◇まずは「何がしたいのか」を考える

 お金や健康の心配は際限なく膨らんでいく。しかし、竹中氏と出口氏ともに、「老後に備えてどれくらいお金を用意しておけばいいのか」よりも、「自分が何をしたいか」を考えるほうが大事だという。やりたいことが決まれば、有限のお金と、有限の命の使い方を前向きに考えられるからだ。

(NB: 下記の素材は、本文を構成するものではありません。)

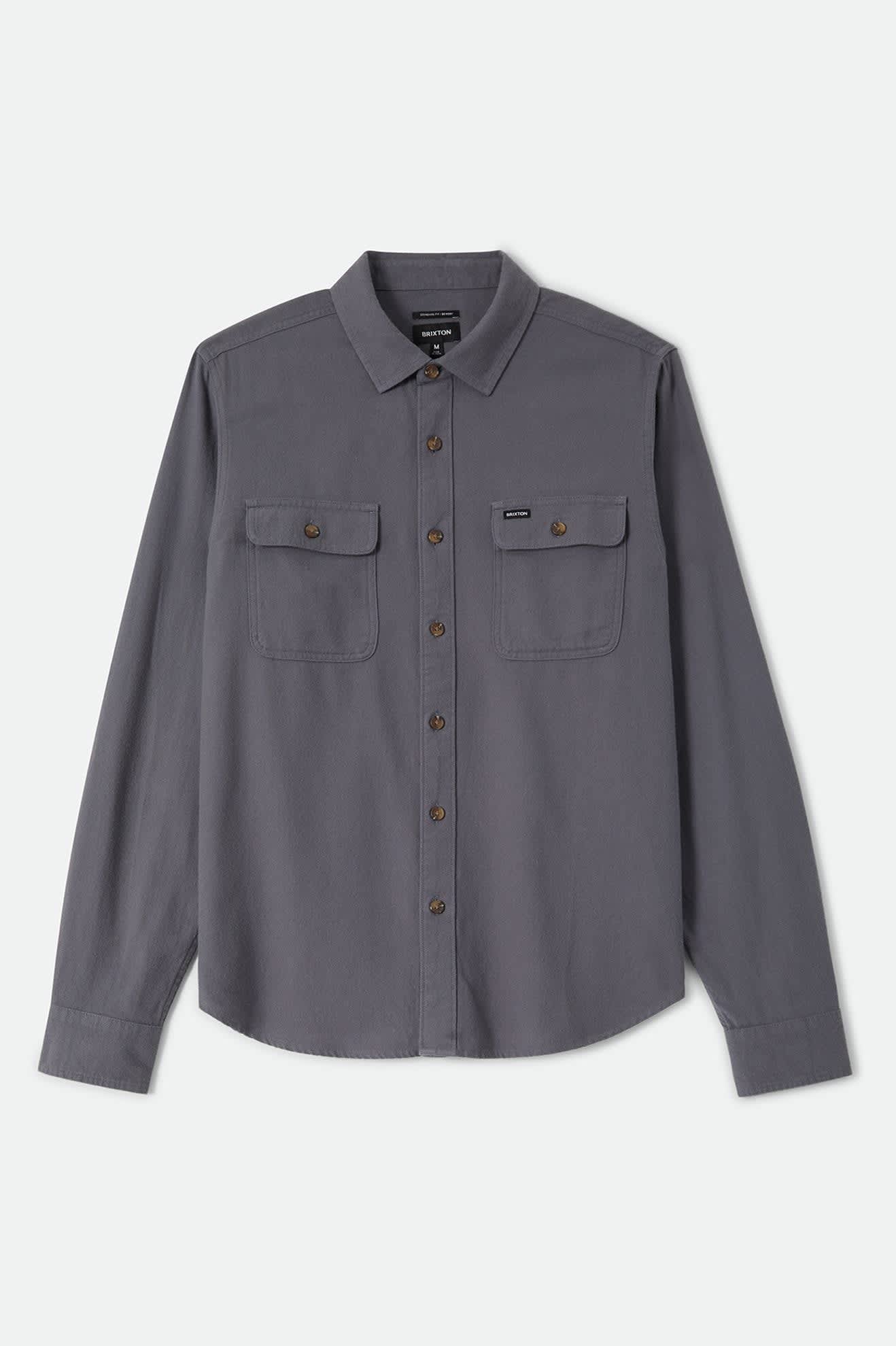 brixton-bowery-flanellhemd-future-grey-baumwolle image 1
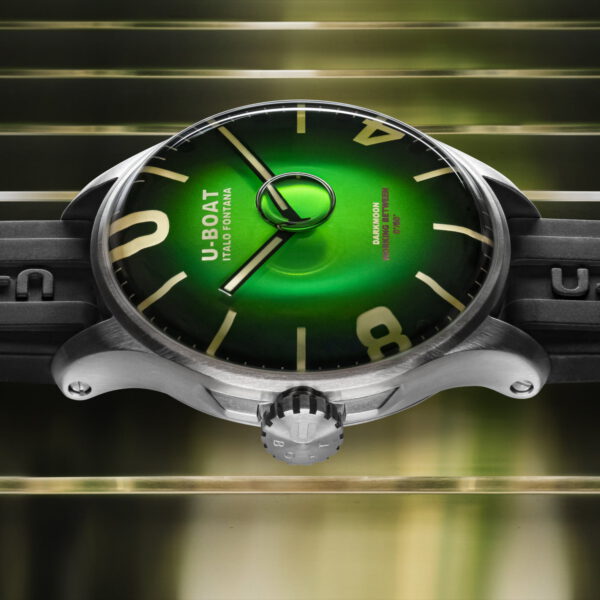 ⁦שעון DARKMOON 44MM GREEN SS SOLEIL 8702B U-Boat Watch Collection⁩ – תמונה ⁦2⁩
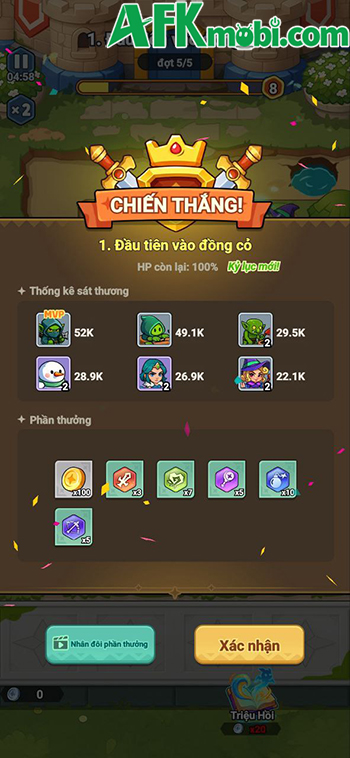 Triệu hồi các đơn vị ngẫu nhiên để dàn trận phòng thủ trong game Packlands Defense 4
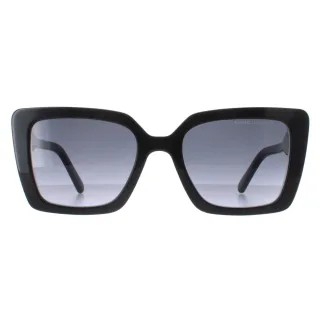Marc Jacobs MARC 733/S 807 9O glÃ¤nzende schwarze dunkelgraue Sonnenbrille mit Farbverlauf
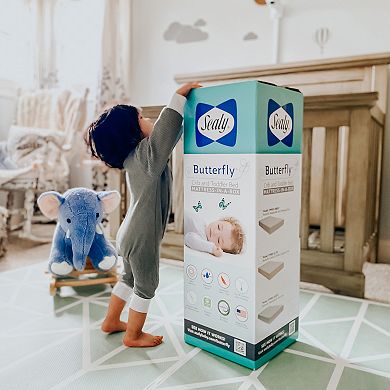Sealy Butterfly Waterproof Crib Mattress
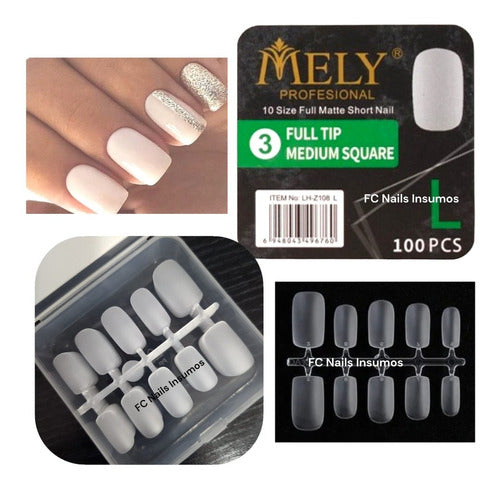 Mely Tips X 100 Un. Soft Gel / Mate Prelimados 6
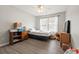 Bedroom featuring wood-look floors and a ceiling fan for added comfort at 1108 Blue Juniper Ct., Conway, SC 29527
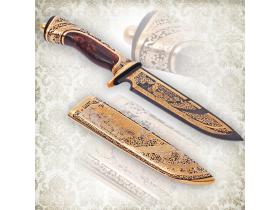 Нож украшенный «Охота на уток»
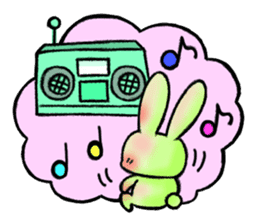 mattya rabit sticker #2193993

 これを促すために、アメリカの大学教育では、次の3つが重要視されている。「クリティカル・シンキング」「クリエイティブ・シンキング」「エフェクティブ・コミュニケーション」である。クリティカル・シンキングは、物事を批判的な側面からも分析し、本質に迫ることだ。クリエイティブ・シンキングは、自由な発想で新たなものを創造することである。そして、エフェクティブ・コミュニケーションは、相手との対話により深い理解を促すと同時に、自分自身へ問いかけるという意味も含んでいる。自分と向き合い、どのように生きたいのかを先に決めてからお金や健康について考えるほうが健全だといえる。
 
【必読ポイント!】
◆人生100年時代の働き方
◇労働の流動化

 AIやIT化が進むと自動化される職業が増えるため、労働力が余るという意見がある。対して、竹中氏はAIやIT化を前向きに受け止めるべきだと主張している。18世紀の産業革命の際、「仕事を奪われるのではないか」と恐れた労働者は、機械を破壊する運動を起こした。しかし、結果、産業革命によって労働の効率化や生産性の向上、労働者の生活水準の向上がもたらされた。

 機械化によって仕事を失った職人たちが、新しいニーズに応えるような産業を生み出していったからである。そこで鍵となるのが、新しい産業を試せる場や、仕事にあぶれてしまった人が新しい仕事に移行できる仕組み、労働の流動化だ。

 人材育成という観点では、リカレント教育がますます重要な役割を果たす。出口氏は、労働の流動化の成功例としてフィンランドを取り上げている。1992年、フィンランドは破産の危機に陥っていた。当時、フィンランドは、旧ソ連との貿易に大きく依存しており、ソ連の崩壊で対ソ連の輸出が減ってしまったためだ。

 そこで、当時フィンランドの史上最年少で首相に就任したエスコ・アホ氏は、失業者にお金を支給するのではなく、全員に無料でIT関係の職業訓練を受講させた。これからはパソコンを使う能力が仕事に欠かせないと考えたためだ。その結果、2000年ごろには、フィンランドは国際競争力ナンバーワンの国になり、ノキアなどの先端企業を生み出すことに成功した。

◇対応力、レジリエンスを身につける

 環境が大きく変化している現代において必要なのは、強さや賢さではなく、「対応力」であると出口氏はいう。MITでも「強さより復元力(レジリエンス)が大事」といわれている。対応力は、環境の変化に条件反射する力ではなく、物事の原点に立ち戻り根底から「考える力」を基本とする。世界がどう変わるのか、社会がどう変わるのか、未来を予測したところで誰にも分からない。「今世界で何が起きているのか」を把握することが大事だ。

 では、考える力をつけるためにはどうすればいいのか。それは、日常で「なぜ、なぜ、なぜ」と問い続けることだ。問いを繰り返して、自分で腹落ちするまで考える癖をつける。ウエイトトレーニングと同じで、考える力も、一定の負荷をかけなければ身につかない。